The concept of so-called 'bottom-up' method has been parallel with its counterpart 'top-down' one for years. In term of controllability the latter is somewhat superior; we have already got the devices and theories needed to control the nano-patterns thus formed. But when it comes to self-assembly we can only utilize or combine a limited number of known procedures, and explain them with classic surface and interface thermodynamics, which are themselves most suitable for equilibrium state problems. This unfit and unprepared theoretical basis has hindered the development of the 'bottom-up' method in fabricating materials with unique functions.

This is only the situation within the circle of chemists, though, especially before P. G. de Gennes, laureate of the Nobel Prize in physics, 1991, put forward the term 'soft matter' as the title of his Nobel lecture. Soft matter includes everything that characterizes between solid and fluid, and that generally responses largely to small stimuli (where the word 'soft' comes from).

Among the members of soft matter we can find many interfacial phenomena and self-assembled structures: droplet, bubble, polymer solution, gel, etc. Polymer, in particular, is unique as a kind of material with its time-dependent mechanic properties, but classical in terms of theoretical model for the theory or physics of soft matter. Its chain-like repeating structure establishes a typical fractal model, based on which the mathematic description of colloidal assembly could be developed.

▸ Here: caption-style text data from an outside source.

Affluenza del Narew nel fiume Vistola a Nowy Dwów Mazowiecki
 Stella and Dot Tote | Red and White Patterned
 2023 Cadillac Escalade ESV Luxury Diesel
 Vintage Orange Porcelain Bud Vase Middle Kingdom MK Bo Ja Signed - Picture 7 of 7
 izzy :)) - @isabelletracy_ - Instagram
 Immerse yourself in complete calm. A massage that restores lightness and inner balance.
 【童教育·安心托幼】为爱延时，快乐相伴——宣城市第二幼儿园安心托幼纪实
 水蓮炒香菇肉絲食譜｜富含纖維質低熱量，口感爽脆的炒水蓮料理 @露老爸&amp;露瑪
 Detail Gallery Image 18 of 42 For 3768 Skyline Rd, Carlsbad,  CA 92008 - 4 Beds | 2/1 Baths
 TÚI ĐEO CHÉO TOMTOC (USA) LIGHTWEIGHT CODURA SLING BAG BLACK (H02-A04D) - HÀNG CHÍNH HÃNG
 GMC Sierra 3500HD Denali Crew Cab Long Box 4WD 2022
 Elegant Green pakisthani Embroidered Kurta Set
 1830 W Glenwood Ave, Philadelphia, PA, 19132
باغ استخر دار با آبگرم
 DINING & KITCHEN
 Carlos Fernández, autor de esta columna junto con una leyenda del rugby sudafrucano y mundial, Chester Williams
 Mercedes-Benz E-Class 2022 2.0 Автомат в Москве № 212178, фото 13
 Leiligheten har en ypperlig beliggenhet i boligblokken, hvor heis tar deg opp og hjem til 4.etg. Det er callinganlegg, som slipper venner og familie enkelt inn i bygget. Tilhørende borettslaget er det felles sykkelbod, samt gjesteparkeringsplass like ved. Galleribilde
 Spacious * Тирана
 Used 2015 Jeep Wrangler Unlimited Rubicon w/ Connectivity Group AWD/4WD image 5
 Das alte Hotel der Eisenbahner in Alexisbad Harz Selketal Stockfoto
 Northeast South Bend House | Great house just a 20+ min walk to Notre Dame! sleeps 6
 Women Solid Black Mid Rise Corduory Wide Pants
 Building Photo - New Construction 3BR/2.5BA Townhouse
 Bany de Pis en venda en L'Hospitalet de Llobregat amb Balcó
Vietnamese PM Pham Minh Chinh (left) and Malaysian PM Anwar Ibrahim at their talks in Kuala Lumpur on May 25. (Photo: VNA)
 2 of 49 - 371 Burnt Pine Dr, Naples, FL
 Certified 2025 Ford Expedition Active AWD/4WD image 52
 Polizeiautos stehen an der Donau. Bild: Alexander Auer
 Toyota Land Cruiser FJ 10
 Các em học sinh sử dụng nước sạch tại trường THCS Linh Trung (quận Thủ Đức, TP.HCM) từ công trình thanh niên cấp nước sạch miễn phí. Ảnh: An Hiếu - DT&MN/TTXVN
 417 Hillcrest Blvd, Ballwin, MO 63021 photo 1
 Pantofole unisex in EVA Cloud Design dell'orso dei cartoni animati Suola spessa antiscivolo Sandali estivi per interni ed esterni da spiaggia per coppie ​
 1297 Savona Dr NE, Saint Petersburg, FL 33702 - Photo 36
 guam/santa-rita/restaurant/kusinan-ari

One of the pioneers in this field is T. A. Witten, who started to pay attention to the mathematical treatment to soft matter in early 1970s and was the founder of the model of diffusion-limited aggregation (the Witton's model, legendary paper Phys. Rev. Lett. 1981, 47, 1400-1403. DOI: 10.1103/PhysRevLett.47.1400). He and another physicist, D. Quéré, kindly provided some drafts of their books for a group of Chinese physicists, authors of Introduction to Soft Matter Physics (translated from Chinese title), 2004, in advance of the publication of their own books (Witten T A, Pincus, P A Structured Fluids-Polymers, Colloids and Surfactants. New York: Oxford University Press, 2004; de Gennes P G, Brochard-Wyart F, Quéré D Capillarity and Wetting Phenomena-Drops, Bubbles, Pearls, Waves. New York: Springer-Verlag, 2004). It is an intensive survey of the physical aspects of all known phenomena of soft matter. Besides classical examples such as bubbles, polymer gels and liquid crystals, novel findings in supramolecular self-assembly, microphase separation, electro-/magnetorheological fluids, biomacromolecules, and colloidal particles are also subjected to detailed theoretical analysis.

This book effectively collects all findings in the field of soft matter from the most significant physics and physical chemistry journals (tons of Phys. Rev. Lett., Phys. Rev. E, J. Chem. Phys., or Faraday Trans.) in a systematic way, and a low price (RMB 35.00). Although the maths involved is as terribly complex as the things (soft matter) it intends to describe, it is worth dwelling on. Whenever controllability is necessary, physics or maths is needed because they correlate structures and functions, the cause and the result. The time is near when engineers cross their hands and read their RSS subscription of the day during work hour - 'self-assembly kettles' always give and only give the right products!